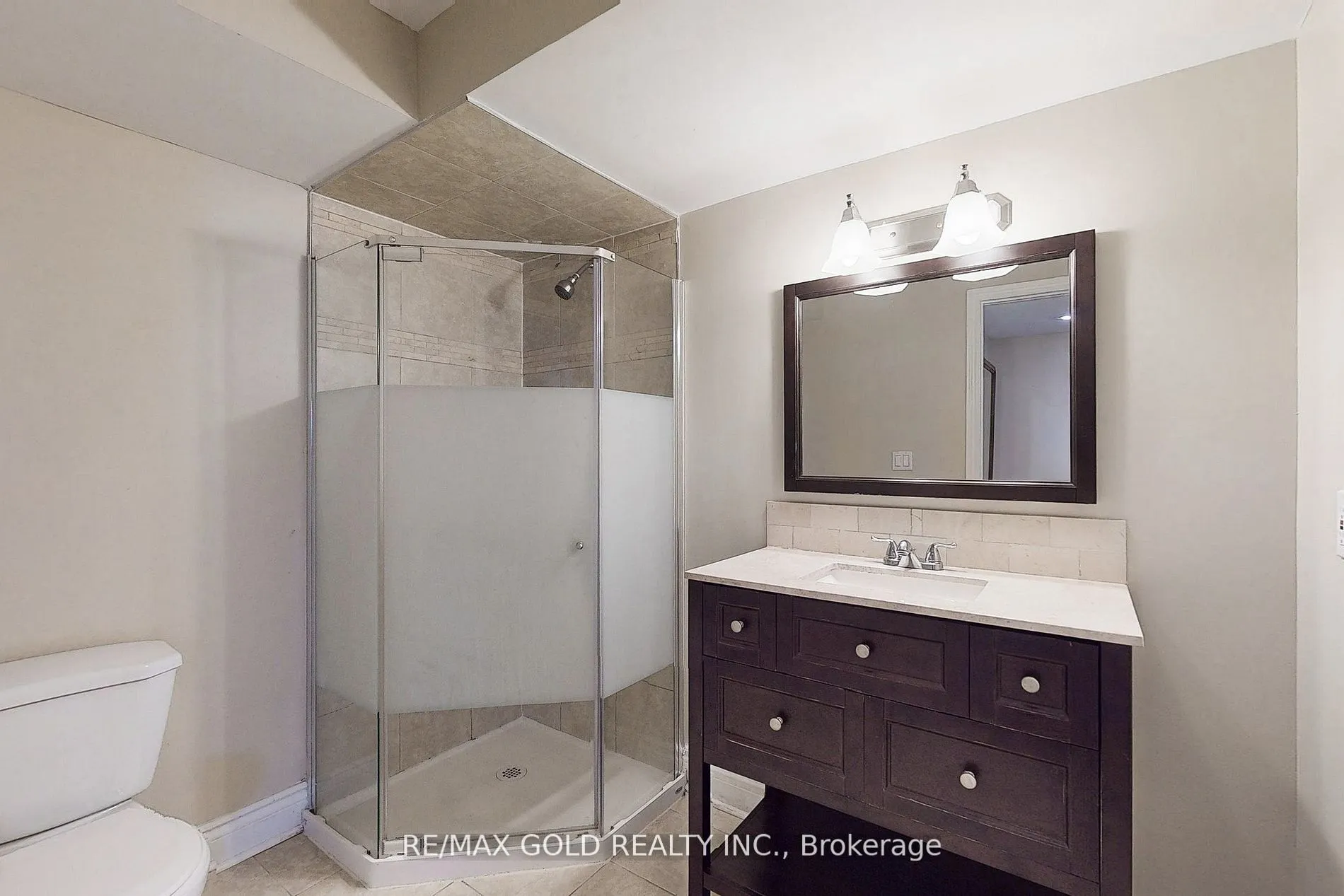 301 Peregrine Way, #(Basement)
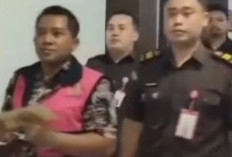 Kades Slamet Priyanto Ditahan, Kasus Pungli Hampir Rp1 Miliar Gegerkan Sidoarjo: Skandal yang Bikin Netizen Heboh!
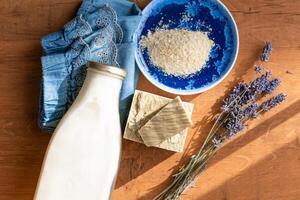 eigengemaakt de was, Marseille geraspt zeep, doe-het-zelf, Doen het jezelf, nul afval, eco vriendelijk, natuurlijk Product voor wassen en schoonmaak met lavendel foto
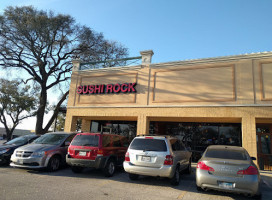 Sushi Rock outside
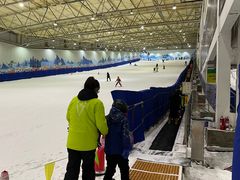 -乔波室内滑雪场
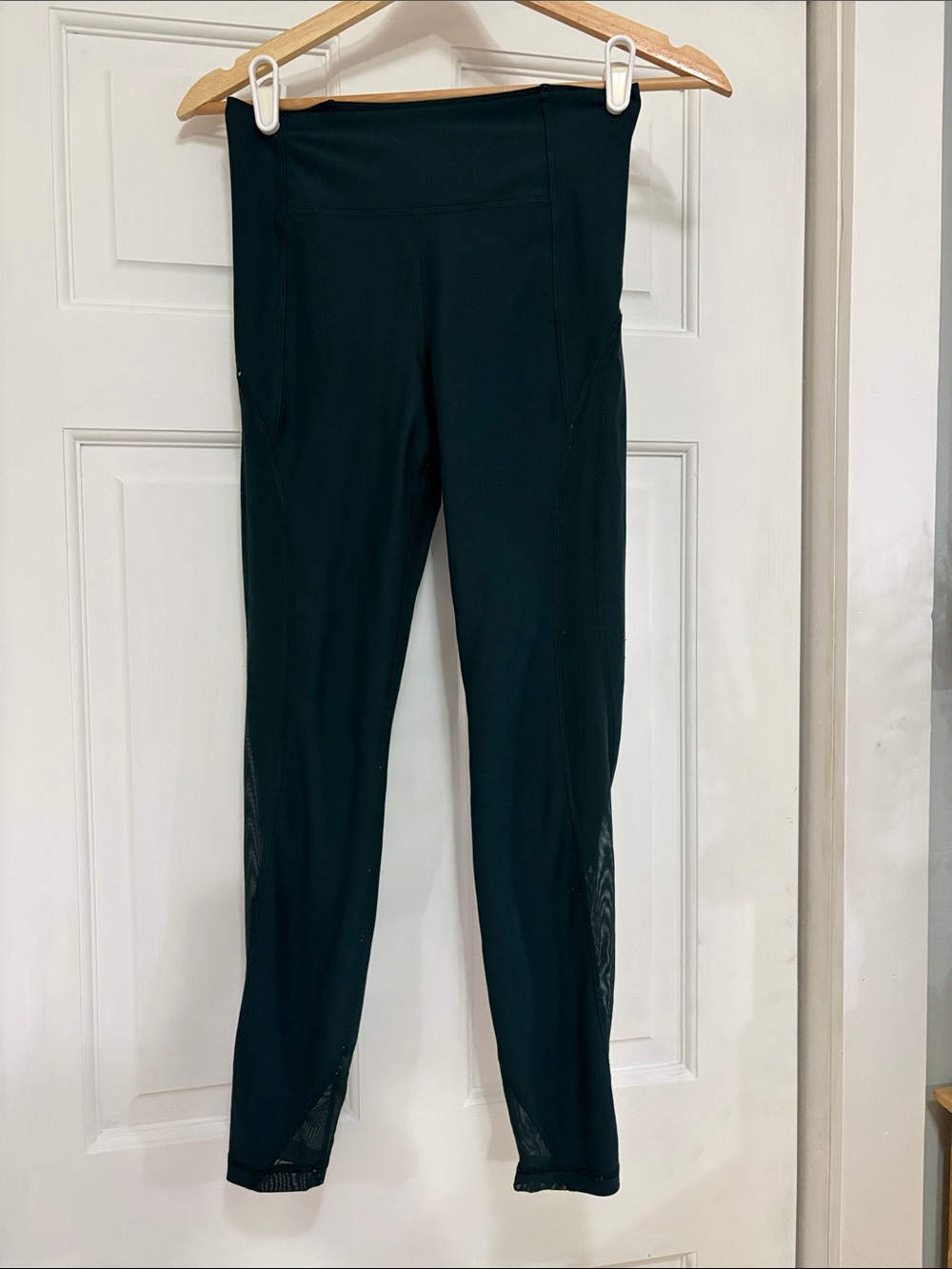 Old Navy Dark Green High-Waist Leggings with Mesh Insets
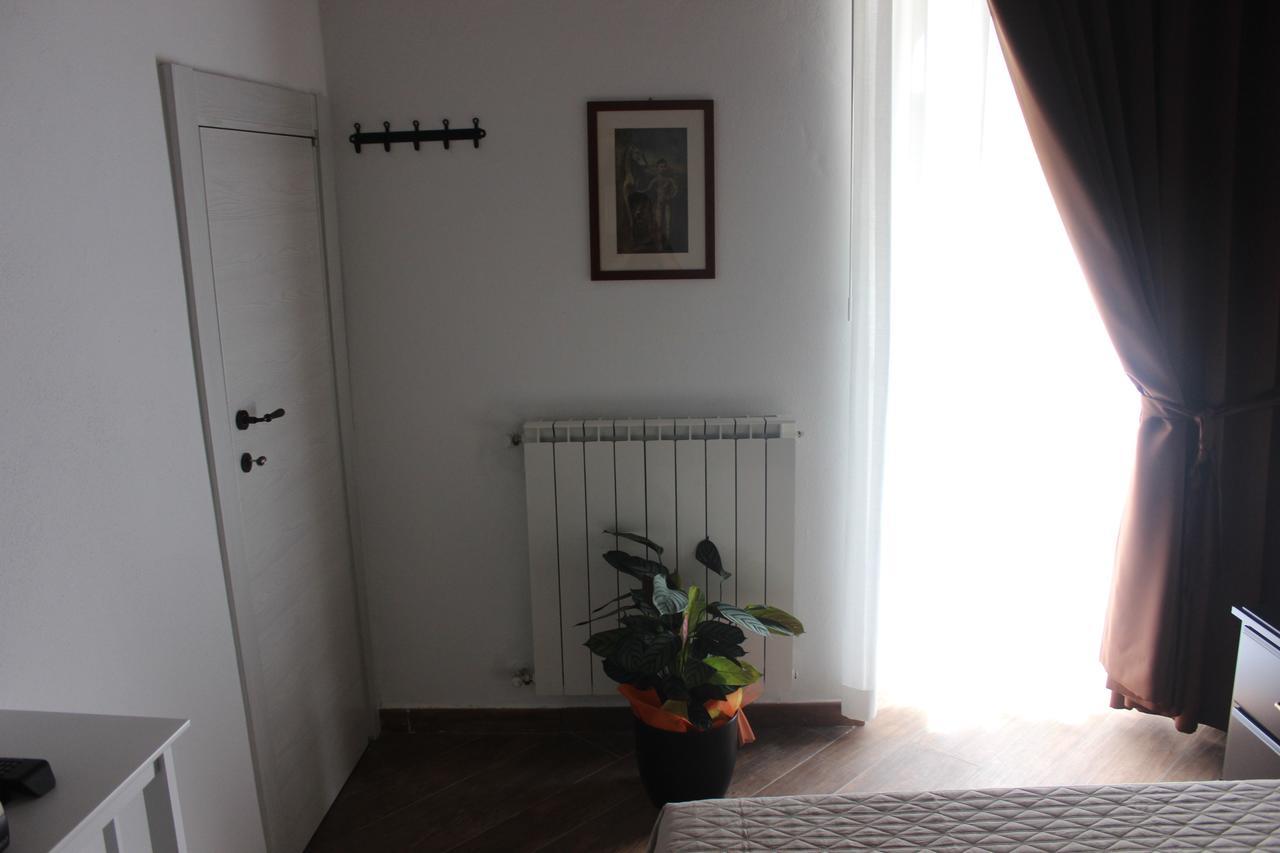 مونتفردي ماريتيمو B&B Canneto المظهر الخارجي الصورة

- - - - -

* Problem to solve:
Output exactly the lines from the line containing "eigengemaakt de was, Marseille" through the last line of the records, both included, and leave out every picture.

* Answer for the task:
 eigengemaakt de was, Marseille geraspt zeep, doe-het-zelf, Doen het jezelf, nul afval, eco vriendelijk, natuurlijk Product voor wassen en schoonmaak met lavendel foto
 Sushi Rock outside
 -乔波室内滑雪场
 Old Navy Dark Green High-Waist Leggings with Mesh Insets
 مونتفردي ماريتيمو B&B Canneto المظهر الخارجي الصورة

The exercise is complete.